I think that improving support for unicode in terminal is something that would be a good idea to do sooner rather than later, because unicode will only get more important, and in the meantime, people will continue to build abstractions upon very poor interfaces that will need to be supported in the future. Unicode is insanely complicated, so it might be too much work to support it fully, so one solution might be to expose some API that gives people the power to make their own work around (for example, through access to an snprintf like function for where n = max print width). You could add other kinds of 'empirical test' functions that allow you to avoid the work of actually understanding the entire unicode standard (which is still changing).

Here is a github repo that documents the unicode problems I have encountered:

https://github.com/RobertElderSoftware/roberteldersoftwaredi...

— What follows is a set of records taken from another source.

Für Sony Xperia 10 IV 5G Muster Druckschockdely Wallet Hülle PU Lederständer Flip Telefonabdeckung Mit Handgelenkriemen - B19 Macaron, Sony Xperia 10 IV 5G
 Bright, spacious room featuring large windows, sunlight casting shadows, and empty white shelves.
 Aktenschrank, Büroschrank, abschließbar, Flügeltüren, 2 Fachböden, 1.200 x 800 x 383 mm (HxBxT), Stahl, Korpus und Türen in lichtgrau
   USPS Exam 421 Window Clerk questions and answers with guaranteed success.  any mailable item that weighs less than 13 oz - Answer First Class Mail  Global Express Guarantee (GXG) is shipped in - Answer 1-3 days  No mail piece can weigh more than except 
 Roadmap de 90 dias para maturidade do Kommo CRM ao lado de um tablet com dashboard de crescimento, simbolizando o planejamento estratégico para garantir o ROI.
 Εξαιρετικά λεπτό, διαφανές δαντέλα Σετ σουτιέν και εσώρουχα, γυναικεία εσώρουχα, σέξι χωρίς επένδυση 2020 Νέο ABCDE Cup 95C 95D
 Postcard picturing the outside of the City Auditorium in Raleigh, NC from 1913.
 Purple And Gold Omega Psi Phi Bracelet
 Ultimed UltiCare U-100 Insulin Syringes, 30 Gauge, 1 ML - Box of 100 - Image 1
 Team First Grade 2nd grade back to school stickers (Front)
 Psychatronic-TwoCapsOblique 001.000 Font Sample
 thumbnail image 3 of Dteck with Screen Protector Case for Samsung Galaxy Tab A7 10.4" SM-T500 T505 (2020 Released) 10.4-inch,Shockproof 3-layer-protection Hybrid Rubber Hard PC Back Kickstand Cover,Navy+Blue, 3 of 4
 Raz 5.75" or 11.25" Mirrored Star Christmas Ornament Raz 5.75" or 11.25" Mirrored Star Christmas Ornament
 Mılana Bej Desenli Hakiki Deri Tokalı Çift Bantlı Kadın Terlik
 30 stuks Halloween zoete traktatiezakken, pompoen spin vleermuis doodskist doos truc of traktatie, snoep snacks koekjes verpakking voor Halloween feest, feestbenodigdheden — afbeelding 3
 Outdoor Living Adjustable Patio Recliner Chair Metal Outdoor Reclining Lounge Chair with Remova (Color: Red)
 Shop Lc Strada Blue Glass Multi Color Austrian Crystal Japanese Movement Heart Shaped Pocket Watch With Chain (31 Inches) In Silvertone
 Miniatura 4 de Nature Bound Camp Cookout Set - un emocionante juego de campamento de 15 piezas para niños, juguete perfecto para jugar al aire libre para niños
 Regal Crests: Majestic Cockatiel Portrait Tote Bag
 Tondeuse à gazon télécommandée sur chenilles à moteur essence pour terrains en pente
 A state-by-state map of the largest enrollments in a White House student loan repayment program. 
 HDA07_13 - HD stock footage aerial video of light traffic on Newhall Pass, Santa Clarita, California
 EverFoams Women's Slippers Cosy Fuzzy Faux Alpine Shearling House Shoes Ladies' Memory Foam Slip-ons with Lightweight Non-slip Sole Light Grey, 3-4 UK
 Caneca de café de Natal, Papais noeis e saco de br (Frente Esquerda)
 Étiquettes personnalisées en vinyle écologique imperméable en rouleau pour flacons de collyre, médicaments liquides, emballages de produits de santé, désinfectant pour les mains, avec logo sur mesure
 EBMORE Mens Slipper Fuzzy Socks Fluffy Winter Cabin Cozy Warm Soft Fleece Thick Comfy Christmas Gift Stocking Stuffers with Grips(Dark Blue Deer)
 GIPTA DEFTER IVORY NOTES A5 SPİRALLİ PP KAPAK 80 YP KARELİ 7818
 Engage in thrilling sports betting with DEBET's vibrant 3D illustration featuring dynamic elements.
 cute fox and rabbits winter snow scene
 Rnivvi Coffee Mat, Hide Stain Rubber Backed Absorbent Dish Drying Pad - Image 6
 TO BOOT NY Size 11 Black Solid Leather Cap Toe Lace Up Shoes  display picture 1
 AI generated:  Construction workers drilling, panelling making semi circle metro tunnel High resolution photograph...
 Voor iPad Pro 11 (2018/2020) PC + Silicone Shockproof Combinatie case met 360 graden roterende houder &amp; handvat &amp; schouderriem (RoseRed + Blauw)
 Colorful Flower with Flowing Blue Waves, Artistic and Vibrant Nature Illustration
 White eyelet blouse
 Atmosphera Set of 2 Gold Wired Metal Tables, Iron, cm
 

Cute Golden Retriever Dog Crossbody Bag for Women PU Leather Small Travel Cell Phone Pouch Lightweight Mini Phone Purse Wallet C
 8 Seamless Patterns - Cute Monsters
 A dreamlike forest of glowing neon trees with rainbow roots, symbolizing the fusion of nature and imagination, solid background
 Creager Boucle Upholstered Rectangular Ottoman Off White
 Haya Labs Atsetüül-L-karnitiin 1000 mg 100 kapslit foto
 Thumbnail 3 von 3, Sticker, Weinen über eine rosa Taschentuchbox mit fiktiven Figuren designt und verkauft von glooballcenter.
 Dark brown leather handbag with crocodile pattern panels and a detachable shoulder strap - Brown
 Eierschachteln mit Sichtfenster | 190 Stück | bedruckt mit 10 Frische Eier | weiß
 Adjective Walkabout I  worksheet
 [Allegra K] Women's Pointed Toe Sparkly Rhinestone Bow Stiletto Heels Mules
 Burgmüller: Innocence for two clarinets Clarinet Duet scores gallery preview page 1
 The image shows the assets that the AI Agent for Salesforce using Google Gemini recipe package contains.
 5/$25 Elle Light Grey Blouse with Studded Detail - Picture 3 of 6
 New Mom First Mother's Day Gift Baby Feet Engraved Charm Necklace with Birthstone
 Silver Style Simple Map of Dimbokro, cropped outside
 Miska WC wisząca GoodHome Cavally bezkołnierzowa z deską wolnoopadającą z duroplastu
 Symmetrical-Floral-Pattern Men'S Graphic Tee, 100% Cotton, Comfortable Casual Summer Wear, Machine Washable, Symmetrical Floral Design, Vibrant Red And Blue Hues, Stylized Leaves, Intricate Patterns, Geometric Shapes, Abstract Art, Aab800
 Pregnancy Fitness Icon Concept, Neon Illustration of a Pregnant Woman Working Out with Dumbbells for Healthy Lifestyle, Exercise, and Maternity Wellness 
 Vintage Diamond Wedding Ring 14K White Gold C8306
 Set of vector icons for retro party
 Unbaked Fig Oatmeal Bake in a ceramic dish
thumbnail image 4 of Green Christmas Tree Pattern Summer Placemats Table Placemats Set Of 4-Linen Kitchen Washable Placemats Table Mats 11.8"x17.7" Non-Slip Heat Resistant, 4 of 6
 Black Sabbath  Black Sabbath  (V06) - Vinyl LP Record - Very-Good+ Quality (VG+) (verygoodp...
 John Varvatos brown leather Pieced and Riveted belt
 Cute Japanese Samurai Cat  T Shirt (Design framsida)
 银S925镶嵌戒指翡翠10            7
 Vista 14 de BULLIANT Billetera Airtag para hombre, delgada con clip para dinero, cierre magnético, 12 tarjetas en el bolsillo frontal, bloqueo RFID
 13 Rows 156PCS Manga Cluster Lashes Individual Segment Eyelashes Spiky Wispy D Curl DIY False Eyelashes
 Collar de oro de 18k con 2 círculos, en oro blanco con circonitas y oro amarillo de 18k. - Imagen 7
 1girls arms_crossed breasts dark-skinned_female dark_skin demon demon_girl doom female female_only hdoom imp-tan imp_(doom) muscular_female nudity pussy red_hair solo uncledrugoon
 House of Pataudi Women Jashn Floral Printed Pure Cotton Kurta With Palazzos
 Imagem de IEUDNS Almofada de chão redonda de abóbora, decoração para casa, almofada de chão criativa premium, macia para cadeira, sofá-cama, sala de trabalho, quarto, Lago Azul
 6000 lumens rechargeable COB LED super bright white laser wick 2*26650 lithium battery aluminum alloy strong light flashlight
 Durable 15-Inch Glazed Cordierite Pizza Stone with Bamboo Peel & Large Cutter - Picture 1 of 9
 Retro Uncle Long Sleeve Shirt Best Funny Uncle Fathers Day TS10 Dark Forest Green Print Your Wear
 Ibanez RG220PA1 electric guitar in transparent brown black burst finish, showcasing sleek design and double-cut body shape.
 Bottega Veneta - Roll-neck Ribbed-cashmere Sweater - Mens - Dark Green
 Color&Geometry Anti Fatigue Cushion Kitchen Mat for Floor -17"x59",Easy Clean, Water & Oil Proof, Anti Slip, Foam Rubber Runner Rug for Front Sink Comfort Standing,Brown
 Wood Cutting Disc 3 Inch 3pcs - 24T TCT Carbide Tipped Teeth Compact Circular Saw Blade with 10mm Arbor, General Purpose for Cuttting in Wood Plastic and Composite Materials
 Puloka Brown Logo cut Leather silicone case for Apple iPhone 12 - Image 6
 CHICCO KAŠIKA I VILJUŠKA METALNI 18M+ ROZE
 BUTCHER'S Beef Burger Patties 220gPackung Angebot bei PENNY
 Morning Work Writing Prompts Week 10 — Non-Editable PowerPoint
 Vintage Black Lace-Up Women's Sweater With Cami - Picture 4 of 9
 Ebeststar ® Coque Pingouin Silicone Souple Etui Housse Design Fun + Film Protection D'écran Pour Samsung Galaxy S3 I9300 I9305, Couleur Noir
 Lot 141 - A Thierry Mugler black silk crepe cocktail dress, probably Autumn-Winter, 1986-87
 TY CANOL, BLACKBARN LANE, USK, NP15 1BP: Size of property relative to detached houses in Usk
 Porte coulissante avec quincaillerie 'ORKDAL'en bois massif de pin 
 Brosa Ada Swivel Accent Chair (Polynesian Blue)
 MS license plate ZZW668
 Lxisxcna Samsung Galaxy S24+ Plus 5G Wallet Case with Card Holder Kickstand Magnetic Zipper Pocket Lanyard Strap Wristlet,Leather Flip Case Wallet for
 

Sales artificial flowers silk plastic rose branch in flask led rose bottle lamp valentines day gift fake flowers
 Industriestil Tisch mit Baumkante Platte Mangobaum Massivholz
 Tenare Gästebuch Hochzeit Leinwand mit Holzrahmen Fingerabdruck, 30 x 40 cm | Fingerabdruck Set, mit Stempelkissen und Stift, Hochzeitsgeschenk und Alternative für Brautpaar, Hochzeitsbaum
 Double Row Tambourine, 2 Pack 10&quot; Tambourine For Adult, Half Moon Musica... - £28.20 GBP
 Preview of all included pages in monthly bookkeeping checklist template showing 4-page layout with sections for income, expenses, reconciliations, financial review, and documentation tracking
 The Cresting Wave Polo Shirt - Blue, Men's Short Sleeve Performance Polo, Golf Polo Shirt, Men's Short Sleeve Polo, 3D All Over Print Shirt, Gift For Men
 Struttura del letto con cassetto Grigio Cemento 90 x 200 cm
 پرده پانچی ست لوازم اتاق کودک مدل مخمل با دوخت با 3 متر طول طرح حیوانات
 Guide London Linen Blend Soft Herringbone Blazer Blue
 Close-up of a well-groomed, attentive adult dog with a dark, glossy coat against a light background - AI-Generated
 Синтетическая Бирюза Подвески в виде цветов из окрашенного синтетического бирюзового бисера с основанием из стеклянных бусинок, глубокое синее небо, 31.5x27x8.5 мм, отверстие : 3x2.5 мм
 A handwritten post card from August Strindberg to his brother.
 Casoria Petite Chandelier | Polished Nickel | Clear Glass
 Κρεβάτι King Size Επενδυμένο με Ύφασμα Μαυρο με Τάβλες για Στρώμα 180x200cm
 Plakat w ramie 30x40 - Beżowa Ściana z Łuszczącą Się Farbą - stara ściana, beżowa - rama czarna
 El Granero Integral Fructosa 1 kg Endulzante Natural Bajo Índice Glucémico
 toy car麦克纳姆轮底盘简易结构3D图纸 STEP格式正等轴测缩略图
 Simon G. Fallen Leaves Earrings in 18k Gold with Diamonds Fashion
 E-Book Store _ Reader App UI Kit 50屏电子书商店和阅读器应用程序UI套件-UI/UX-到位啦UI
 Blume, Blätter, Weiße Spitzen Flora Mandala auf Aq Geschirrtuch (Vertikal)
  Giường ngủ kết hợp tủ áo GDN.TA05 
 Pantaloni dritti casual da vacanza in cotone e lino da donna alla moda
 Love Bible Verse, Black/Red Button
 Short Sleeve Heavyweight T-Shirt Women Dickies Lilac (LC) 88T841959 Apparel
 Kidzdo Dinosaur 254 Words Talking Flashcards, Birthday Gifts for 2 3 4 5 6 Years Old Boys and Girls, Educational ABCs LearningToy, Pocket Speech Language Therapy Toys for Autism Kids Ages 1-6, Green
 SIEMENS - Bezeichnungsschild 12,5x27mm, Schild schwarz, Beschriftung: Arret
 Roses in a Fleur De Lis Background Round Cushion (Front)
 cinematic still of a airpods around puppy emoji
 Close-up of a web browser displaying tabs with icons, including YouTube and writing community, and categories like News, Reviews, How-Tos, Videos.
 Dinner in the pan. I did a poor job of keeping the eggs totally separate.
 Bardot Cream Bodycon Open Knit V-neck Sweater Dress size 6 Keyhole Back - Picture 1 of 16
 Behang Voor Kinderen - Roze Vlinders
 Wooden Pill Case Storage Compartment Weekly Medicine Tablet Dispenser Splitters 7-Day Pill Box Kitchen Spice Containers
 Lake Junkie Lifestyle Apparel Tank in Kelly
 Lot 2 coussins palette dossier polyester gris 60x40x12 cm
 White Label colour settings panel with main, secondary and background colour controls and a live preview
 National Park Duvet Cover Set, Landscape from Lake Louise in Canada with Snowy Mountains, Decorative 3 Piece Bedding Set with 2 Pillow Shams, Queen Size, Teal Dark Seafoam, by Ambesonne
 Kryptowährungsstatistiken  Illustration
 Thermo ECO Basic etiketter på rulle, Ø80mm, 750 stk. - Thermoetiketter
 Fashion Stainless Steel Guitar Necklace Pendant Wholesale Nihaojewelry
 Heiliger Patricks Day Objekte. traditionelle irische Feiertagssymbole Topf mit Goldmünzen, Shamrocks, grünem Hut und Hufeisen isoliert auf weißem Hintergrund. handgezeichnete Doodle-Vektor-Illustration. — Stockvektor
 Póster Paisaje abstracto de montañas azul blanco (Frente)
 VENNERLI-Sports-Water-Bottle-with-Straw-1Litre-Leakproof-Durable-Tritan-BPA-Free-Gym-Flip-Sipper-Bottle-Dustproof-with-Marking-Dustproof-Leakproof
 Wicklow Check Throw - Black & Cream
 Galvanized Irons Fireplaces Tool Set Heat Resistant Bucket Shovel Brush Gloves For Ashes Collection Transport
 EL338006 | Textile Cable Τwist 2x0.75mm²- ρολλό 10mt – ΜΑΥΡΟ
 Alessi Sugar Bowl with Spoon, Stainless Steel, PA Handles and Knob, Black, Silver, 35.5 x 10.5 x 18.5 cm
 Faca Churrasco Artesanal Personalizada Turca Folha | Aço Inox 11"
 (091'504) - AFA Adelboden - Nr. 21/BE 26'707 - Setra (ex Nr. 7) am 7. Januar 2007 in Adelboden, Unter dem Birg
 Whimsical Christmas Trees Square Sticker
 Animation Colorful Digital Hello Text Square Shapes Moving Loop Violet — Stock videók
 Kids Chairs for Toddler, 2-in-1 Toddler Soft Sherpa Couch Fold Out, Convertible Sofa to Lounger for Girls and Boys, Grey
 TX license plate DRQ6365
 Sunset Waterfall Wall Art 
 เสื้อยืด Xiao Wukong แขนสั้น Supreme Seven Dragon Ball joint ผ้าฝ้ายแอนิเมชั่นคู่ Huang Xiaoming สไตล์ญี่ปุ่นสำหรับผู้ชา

If I had to build one from scratch:

- If I was building one from scratch, I would probably put a better focus on separating out all the different components that actually make up the 'terminal'. In a typical bash session, you've got: /bin/bash, ttys, ptys, the terminal emulator, readline (possibly), process groups, session leaders, file descriptors, etc. This stuff is all extremely difficult to learn, and it is very 'invisible' to the average user. Most people don't need to think about it, but when you want to do certain kinds of automation tasks, they become very important.

It would be cool, if each of these concepts was formalized to provide a well-defined interface and reduce tight coupling between these components. As it is, to an average user these concepts blur together and seem like they're 'the same thing'.